I am personally processing the collections and creating the finding aids, about 80-90% of the time. I currently have two interns and one work study student. I assign each collection and work with the student each step of the way. I edit their finding aids and I am very hands-on with their work.
I think that the collection itself dictates the finding aid text; however you have to think broadly of your potential users. Because we want these collections to be around forever, we can’t predict who will use them or how they will be used in the future. We also don’t want to deny anyone access. These collections are important for their information and what they document. We want these collections to be used and studied. Like Mark Greene’s presidential address to the Society of American Archivists in 2008 said, “Whether processing, appraising, or directly providing reference all that we do must be seen in terms of service to our users…we serve our users first, not our collections.”
Many people can use the MRL and WAB collections, not just historians. Sociologist, scholars of religion, anthropologists, economists, and medical researchers can use the information.
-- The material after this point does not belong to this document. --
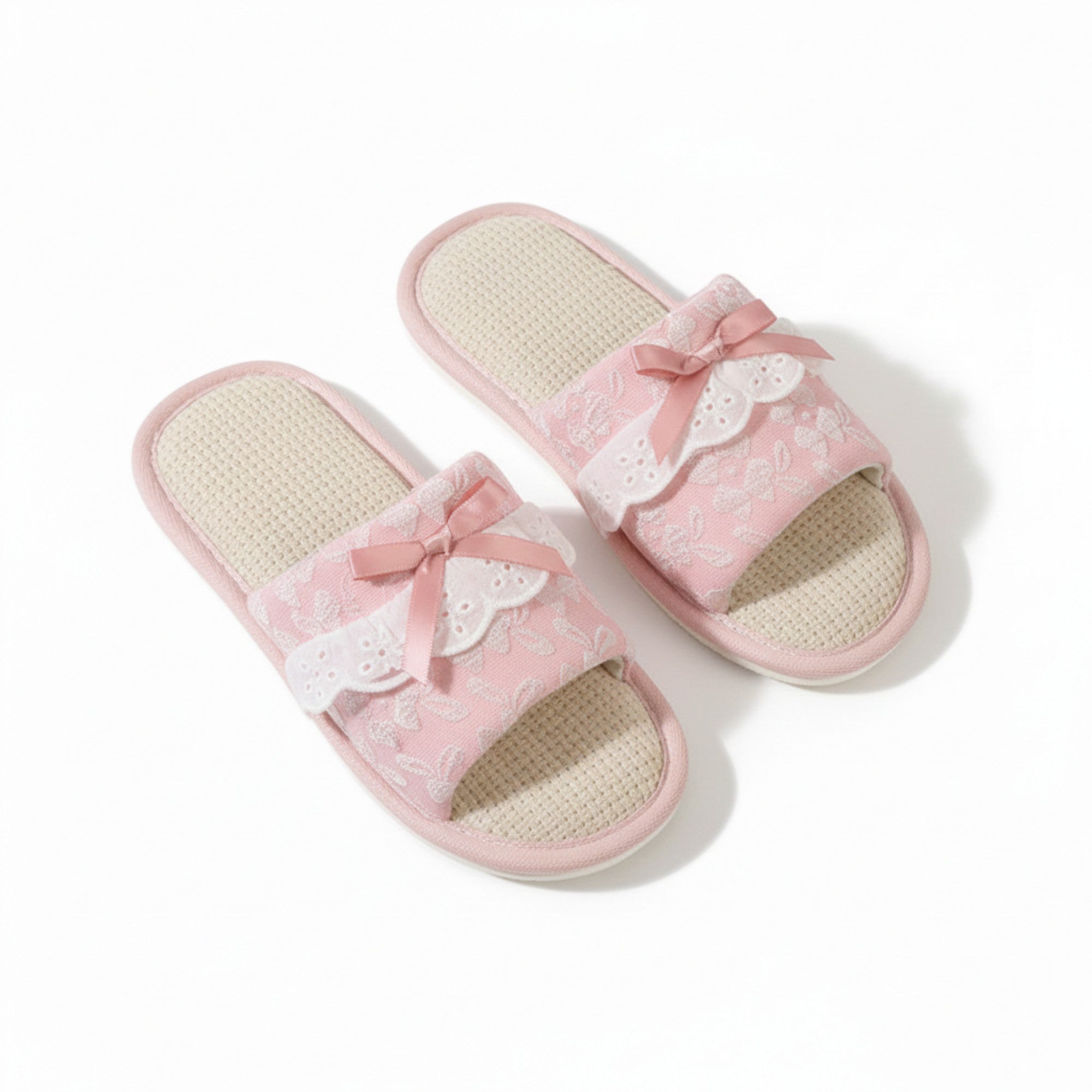 Anna-Kaci Lounge Women¡¯s Textured Slide Slippers with Valentine Lace Trim Bow Detail and Cushioned Footbed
Perhaps someone who is from China grew up with a missionary in their town and wants to see what that missionary thought at the time. The users are the reason we are here, and we need to be open to all people using the collections.
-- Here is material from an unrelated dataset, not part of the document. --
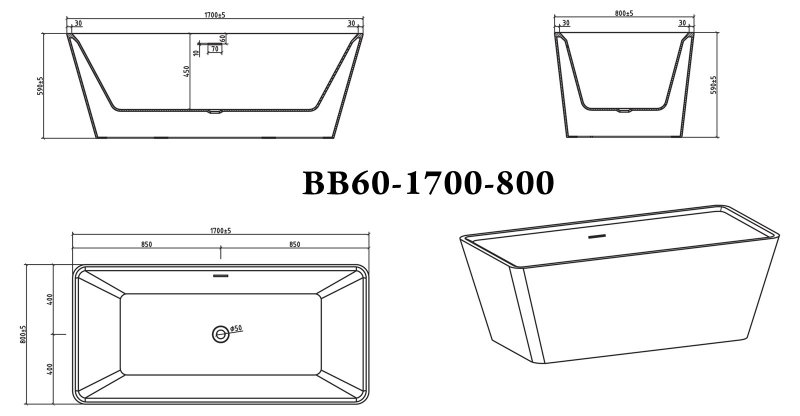 Ванна отдельностоящая BelBagno BB60-1700-800 170x80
How do you approach your responsibility of appraisal? How do you ethically make the decisions on what to keep in the collection and what to discard? Is it guided by policies of your institution or on a collection to collection basis?
Appraisal is very important and should not be taken lightly. If any organization takes in a collection that really doesn’t belong there, it will hurt the chances of the collection being used. It will also take up valuable space and time, which could have been geared towards something that DID belong in that organization. The mission of the organization must be the guide, and we do have policies in place. The public trusts organizations with their historical materials and these materials deserve care and respect.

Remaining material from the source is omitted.